Saturday, June 14, 2008

David Davis and the people's freedom

There has been much speculation over the motivations for David Davis's resignation—"it's a political stunt", "it's another bid for the Tory leadership", "it doesn't matter because it's a safe seat", and suchlike. Many have pointed out the fact that he would probably have been Home Secretary within a couple of years and could thus have fought this law more effectively from the front benches.

But I think that we "intellectuals" in these rarified media and blogosphere worlds have missed something really quite crucial: we have missed out the public.

We were told that some 69% of the general public supported the 42 days' detention. Many of these, I suspect, were people, like my brother, who simply hadn't thought about it. After all, amongst other things, some 85% of the population of Britain are white and blithely imagine that this law wouldn't affect them; it's the "I'm alright, Jack" attitude.

An appallingly large number of people in this county—as poll after poll shows—are astonishingly ignorant of our own history, let alone that of totalitarian states such as Nazi Germany, fascist Italy or Soviet Russia. They will not have heard of "salami-slicing" as applied to the erosion of freedoms.

Further, many of these people will never follow the news and thus not be aware of the way in which other authoritarian legislation has been abused by the government, the police and the other agents of the state.

For those of us writing blogs, all of this seems so simple. Over the three and a half years of writing The Kitchen, my mind has been stimulated and I have thought and considered such things far more than I ever did before. Writing about liberty, and its slow death in this country, concentrates the mind wonderfully: we political bloggers are big on social freedom (yes, even those on the left) partly, I think, because the blogging medium is, by its very nature, an exercise in personal freedom.

But the vast majority of the country don't think about such things; they don't care and they aren't aware. Many of them will respond only to the dog whistle politics—immigrants, petrol prices, eeeevil paedos, etc.—raised by The Sun and other, even lower, rags. The concept of freedom can seem a somewhat nebulous one and difficult to grasp, especially when one is talking of so-called "negative liberties".

Obviously, I cannot see into the mind of David Davis but, if I were him, this is one of the main reasons why I would have taken this step. I would have looked at those polls; I would have been aghast at the fact that 69% of the population of Britain were seemingly unconcerned about the loss of their Ancient Liberties and Freedoms, unworried about the loss of their protection from unlawful imprisonment. And I would have despaired.

It is not enough to persuade the political classes that it is wrong to lock people away for six weeks without even telling them what they are accused of; and especially, from a party political point of view, when NuLabour would eagerly have accused the Tories of being "soft on terrorists" and when the people of this country would have agreed with them.

What Davis's resignation might do—what he might at least have hoped—is to serve as a high-profile media slap to the people of this country.
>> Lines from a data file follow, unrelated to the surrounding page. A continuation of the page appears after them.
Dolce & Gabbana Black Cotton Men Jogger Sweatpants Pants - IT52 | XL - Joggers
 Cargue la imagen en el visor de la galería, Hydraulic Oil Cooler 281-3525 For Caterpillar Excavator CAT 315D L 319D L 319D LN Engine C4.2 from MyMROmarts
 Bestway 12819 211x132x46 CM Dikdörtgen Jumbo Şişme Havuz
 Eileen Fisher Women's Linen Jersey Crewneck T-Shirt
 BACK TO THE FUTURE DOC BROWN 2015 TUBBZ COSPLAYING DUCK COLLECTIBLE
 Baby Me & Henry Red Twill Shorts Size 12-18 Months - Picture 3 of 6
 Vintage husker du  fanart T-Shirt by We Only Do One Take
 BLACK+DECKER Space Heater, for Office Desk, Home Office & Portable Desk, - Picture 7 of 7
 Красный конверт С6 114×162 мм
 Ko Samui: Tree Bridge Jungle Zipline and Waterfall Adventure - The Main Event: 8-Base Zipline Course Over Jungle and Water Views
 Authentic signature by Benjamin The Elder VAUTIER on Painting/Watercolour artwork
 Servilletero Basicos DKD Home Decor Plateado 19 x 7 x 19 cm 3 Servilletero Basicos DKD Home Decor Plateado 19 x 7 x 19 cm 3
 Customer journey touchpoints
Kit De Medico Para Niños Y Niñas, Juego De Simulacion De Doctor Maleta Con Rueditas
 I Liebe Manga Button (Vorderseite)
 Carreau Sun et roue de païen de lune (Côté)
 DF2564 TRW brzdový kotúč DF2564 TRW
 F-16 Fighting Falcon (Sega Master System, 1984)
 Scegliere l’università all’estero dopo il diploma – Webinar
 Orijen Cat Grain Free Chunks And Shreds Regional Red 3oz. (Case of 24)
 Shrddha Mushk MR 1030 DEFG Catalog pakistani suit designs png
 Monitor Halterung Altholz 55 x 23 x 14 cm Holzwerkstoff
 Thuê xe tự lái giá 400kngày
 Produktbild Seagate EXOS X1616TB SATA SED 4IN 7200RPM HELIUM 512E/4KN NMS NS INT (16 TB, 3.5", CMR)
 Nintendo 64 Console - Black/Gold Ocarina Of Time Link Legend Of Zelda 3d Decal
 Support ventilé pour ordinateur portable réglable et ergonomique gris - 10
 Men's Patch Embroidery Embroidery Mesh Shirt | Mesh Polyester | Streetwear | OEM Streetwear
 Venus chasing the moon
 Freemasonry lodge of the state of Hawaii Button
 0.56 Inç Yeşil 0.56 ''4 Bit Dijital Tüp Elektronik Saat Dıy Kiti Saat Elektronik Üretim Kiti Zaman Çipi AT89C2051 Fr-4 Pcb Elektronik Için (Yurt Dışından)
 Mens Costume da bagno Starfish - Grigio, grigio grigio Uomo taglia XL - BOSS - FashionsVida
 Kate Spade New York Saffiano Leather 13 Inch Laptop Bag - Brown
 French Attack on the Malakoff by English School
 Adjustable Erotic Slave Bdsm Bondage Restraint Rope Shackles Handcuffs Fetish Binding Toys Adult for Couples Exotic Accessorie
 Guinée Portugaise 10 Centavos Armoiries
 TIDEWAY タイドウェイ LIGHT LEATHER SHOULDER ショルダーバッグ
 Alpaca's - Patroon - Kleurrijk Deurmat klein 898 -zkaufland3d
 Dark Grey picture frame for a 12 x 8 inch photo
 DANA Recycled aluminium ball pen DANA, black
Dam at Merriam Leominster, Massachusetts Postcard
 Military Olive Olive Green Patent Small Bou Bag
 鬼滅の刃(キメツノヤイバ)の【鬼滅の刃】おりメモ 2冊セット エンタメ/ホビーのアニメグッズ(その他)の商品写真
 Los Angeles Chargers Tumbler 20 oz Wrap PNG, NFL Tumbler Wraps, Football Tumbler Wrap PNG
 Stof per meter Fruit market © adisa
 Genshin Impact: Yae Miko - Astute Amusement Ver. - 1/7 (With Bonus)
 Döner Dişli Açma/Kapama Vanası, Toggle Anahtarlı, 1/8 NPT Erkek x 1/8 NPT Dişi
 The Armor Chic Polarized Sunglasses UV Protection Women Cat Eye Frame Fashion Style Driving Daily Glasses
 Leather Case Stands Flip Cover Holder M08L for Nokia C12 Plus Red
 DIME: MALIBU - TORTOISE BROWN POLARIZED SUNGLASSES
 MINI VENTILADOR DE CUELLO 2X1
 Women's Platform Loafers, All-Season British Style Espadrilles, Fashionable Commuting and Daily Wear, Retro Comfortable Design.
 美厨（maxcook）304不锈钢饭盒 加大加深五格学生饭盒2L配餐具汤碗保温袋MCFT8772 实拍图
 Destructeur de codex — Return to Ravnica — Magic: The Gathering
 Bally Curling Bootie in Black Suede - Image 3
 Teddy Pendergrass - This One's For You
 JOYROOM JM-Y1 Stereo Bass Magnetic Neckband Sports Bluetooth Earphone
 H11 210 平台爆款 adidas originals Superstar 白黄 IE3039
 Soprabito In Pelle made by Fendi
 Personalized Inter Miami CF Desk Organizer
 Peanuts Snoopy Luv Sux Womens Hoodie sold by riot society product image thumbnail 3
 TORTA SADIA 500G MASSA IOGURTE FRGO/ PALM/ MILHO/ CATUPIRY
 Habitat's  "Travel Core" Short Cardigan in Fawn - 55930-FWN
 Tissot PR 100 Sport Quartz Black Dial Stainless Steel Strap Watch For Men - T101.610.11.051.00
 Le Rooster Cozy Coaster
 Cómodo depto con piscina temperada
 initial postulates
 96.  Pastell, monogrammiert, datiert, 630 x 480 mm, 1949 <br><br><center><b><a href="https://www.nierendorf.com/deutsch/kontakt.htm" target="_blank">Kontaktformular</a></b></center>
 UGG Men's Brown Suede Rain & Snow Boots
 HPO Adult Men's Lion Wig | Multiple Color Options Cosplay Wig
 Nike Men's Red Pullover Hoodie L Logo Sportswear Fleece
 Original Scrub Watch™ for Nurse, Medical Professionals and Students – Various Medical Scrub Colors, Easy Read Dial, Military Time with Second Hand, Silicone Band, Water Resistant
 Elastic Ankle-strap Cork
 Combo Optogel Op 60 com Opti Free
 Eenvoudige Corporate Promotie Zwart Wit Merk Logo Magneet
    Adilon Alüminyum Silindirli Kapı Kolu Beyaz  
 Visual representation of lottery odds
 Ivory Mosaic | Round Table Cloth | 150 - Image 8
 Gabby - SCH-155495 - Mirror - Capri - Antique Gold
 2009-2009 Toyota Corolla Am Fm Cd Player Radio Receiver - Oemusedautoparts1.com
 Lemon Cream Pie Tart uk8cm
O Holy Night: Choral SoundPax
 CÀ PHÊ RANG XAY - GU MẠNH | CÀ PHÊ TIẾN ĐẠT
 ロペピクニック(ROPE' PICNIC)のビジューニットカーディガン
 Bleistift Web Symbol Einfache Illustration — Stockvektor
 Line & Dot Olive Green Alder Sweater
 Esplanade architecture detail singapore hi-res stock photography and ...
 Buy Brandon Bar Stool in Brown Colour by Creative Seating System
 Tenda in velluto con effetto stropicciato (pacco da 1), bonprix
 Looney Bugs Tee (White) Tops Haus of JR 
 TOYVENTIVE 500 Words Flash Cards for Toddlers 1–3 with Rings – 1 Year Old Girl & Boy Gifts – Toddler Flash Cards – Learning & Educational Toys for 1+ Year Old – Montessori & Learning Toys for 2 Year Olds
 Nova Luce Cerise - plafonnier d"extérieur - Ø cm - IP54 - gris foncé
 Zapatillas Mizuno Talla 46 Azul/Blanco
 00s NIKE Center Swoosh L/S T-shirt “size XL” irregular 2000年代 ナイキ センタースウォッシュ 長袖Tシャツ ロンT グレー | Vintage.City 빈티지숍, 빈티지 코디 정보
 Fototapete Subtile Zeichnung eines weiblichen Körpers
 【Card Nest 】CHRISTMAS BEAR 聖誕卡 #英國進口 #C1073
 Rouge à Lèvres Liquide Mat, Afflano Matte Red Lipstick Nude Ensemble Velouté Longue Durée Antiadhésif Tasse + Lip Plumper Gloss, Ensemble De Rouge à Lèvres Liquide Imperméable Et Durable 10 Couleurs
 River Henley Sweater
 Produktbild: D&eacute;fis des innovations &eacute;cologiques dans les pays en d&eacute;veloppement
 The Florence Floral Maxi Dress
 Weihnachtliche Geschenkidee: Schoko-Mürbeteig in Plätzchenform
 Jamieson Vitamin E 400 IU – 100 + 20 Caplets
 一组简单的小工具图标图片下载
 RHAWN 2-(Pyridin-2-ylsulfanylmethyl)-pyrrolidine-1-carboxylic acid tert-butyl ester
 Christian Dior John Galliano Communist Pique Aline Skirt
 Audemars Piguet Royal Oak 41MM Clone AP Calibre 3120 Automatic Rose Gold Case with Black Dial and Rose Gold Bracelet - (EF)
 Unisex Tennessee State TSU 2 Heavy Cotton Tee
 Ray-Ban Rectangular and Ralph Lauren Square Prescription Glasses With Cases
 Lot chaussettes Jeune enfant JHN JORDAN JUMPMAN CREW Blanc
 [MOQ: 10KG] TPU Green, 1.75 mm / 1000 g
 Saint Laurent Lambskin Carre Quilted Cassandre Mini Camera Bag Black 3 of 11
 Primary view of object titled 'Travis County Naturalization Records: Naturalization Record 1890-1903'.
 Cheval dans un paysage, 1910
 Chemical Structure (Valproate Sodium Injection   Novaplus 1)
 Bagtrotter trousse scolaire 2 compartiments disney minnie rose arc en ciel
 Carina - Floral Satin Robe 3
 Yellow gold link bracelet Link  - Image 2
It might just serve as a catalyst to thought, to get people to consider precisely what it is that they are happy to sign away.

The idea must be to make people realise that this law is not "tough on terrorism, tough on the causes of terrorism": no, it is "tough on liberty, tough on the causes of liberty".

Stuff the political classes and the professional media and the Westminster Village; if Davis's resignation prompts the ordinary people of this country—those who wave flags at the Last Night of the Proms whilst gleefully singing about how they "never, never will be slaves"—actually to consider the nature of liberty and to pause, take stock, and realise what freedoms they have already lost, then it will have been more than a "stunt", more than a vain and empty gesture.

It might just wake people up, to drag them away from their facile, tedious lives, and force them to realise that they are already slaves to a great extent. Maybe, just maybe, they will look up from their reality TV shows and their TV dinners, and their binge drinking, their drugs and their petty theft, and understand that there are some things, some concepts, rather more important than who is going to win Big Brother.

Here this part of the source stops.